Release v1.8.2 - April 24, 2020

  • Fixed latest delivery + destination pushes bugs.

  • Added assigned user to snapshot tables

  • Added seconds to the destination and simple flow timestamps

  • Updated the user docs

  • Health metrics are open on the selected snapshot home page

  • Added a snapshot link in delivery sidebar, instead of delivery home dropdown

  • Added ‘All’ button to snapshot and pushes spotlight

  • Added revert option to pushes spotlight table

  • Fixed Delivery Push and Bull Queue metrics

Release v1.8.0 - April 10, 2020

Collections

  • “First seen” column - A collection setting is now available for collections whose schema has a primary key, and generates the date when an item was "first seen" and includes it as a meta-data timestamp column "_firstSeen" in the snapshot data.

Schemas

  • “FILE” Type column - This new column type on schemas helps include the metadata information about files extracted and downloaded during extraction time.

Destinations

  • Include downloaded files in destination pushes - You can now include any files and images that were downloaded during your extraction in pushes to your destinations.

  • SFTP Destinations Type - You can now configure SFTP servers as destinations for your data.

Alarms

  • Severity on Alarms - Flow alarms now have a “severity” option which can be set on the alarm and included in any alarm notifications.

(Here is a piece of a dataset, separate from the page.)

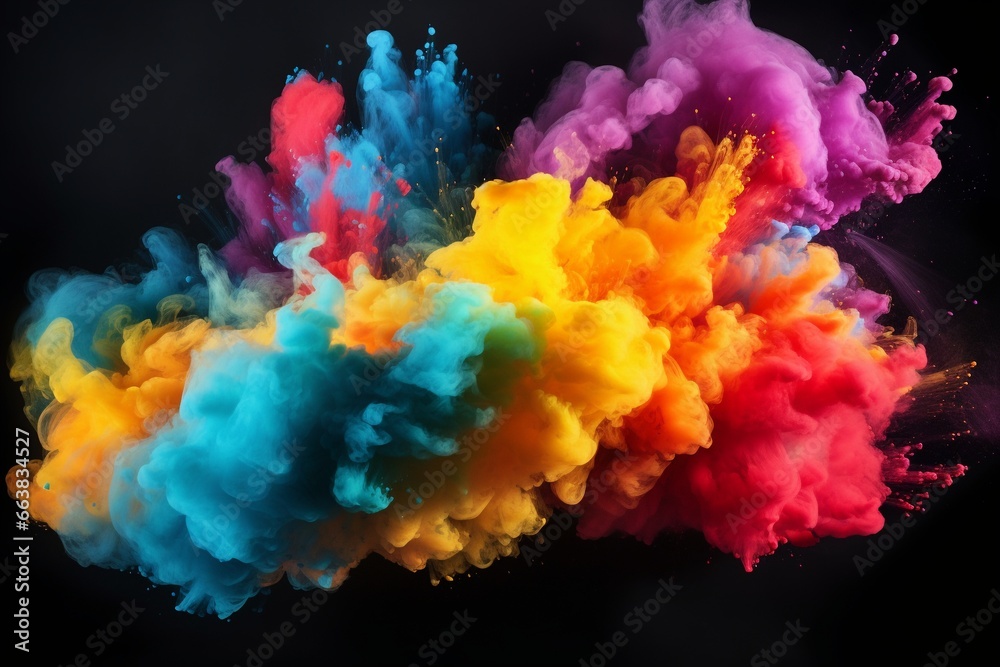 Abstract Colorful Powder Explosion on Black Background Abstract Colorful Powder Explosion on Black Background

  • APIs and UI to Resolve or Trigger Alarms - Now when a delivery is open you have the option to manually trigger or resolve alarms for the selected delivery alarm page.

Snapshots

  • Importing cancelled snapshots - now if you cancel a snapshot you have an option in the UI to manually import the data that was collected.

Flows

  • Max chunk crawl time - When configuring a flow you can set the chunkTimeoutHours which is the max time a chunk should run for. If the chunk times out the data collected will be automatically imported.